Even Moody’s has warned that credit ratings would take a hit if agencies are allowed to terminate grants whenever they want, leaving public financiers in the lurch for funding infrastructure projects such as affordable housing or new roads.
This rare moment of mobilization across the sector is unmatched. Since the Trump administration took office and launched a multifront attack against higher education and academic research, the sector has struggled to mount a united defense. A scant few college presidents risked publicly criticizing the administration’s early efforts to criminalize DEI or erode institutional independence. Others relied on member organizations including the American Council on Education and the American Association of Universities to push back through lawsuits, amicus briefs and public letters.

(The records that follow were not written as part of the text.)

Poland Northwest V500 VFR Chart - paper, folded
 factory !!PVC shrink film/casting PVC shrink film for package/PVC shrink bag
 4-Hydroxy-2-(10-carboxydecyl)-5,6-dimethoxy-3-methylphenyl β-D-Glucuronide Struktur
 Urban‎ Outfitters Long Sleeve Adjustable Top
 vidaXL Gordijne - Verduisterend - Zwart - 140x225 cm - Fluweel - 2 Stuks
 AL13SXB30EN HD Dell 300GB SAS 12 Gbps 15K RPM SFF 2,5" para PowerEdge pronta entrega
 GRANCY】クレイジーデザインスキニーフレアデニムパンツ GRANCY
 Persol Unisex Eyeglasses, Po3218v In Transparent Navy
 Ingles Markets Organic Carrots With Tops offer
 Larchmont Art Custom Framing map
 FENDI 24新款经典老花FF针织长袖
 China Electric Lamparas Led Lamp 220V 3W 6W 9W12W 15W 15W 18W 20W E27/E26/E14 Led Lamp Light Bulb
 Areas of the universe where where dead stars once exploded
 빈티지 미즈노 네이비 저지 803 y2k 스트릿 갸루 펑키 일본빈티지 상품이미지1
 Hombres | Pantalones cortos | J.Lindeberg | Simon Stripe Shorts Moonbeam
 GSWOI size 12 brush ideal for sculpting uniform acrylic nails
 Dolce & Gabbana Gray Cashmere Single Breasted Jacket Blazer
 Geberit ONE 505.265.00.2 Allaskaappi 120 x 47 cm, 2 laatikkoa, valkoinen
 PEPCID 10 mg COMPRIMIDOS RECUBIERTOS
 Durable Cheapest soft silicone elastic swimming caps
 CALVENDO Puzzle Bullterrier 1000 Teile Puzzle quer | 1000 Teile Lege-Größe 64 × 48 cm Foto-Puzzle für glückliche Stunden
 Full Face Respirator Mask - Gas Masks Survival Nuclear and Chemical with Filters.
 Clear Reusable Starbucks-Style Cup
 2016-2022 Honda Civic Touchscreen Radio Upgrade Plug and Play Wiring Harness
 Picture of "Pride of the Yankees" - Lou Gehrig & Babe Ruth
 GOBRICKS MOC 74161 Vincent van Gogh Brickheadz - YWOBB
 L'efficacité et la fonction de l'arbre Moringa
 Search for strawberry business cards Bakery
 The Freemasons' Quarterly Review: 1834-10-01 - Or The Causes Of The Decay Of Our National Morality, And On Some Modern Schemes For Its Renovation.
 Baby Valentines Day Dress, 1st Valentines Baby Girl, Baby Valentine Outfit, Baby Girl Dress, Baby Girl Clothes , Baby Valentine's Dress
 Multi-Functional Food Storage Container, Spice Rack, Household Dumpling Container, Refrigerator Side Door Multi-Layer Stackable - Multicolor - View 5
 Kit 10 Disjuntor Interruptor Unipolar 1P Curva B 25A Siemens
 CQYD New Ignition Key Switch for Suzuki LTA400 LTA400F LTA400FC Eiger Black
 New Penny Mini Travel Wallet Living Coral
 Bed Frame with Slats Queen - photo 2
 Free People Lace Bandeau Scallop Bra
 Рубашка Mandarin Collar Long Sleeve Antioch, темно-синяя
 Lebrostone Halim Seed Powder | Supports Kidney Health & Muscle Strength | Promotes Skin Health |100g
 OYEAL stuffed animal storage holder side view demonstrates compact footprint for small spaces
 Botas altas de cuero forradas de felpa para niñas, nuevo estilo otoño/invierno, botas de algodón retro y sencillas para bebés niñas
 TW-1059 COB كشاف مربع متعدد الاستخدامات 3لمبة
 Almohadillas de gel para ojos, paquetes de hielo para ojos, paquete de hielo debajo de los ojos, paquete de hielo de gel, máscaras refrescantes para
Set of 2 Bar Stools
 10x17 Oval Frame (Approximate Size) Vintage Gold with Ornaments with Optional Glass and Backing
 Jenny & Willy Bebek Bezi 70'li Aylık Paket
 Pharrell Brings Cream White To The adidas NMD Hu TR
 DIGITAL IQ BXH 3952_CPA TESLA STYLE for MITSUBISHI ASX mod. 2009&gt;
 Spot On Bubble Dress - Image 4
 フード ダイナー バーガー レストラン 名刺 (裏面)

The administration has targeted mostly wealthy, private institutions that get a lot of attention from the mainstream press but don’t represent the majority of higher ed institutions and, thus, are unlikely to find many friends who will have their backs. Other criticisms of higher ed—the lack of affordability, low graduation rates, millions with some credit and no degree, opaque financial aid offers, loss of public trust—may be valid, but they don’t apply to every institution to the same degree. And in any case, colleges can’t agree on how to combat them.
Unlike previous disjointed responses, urgency has galvanized this one. The OMB released the proposal at the end of May with a 45-day window for public comments. It plans to put the rules into effect by Oct. 1, meaning they’ll apply to all grants awarded in fiscal year 2027, which begins that day. And a new administration or congressional action can’t easily undo the regulations; a reversal would have to go through the same lengthy, bureaucratic process.
The clock is ticking, and the impact of the regulations is already evident. As devastating as cuts to federal research funding were, they were at once at a scale impossible to understand—billions of dollars to research behemoths—and difficult to track from researcher to researcher. Even without reading the 400-page OMB proposal, it’s easy to understand what’s on the line: peer review in federal grant awarding, consistent funding commitments and support for young academics to attend conferences and publish their work.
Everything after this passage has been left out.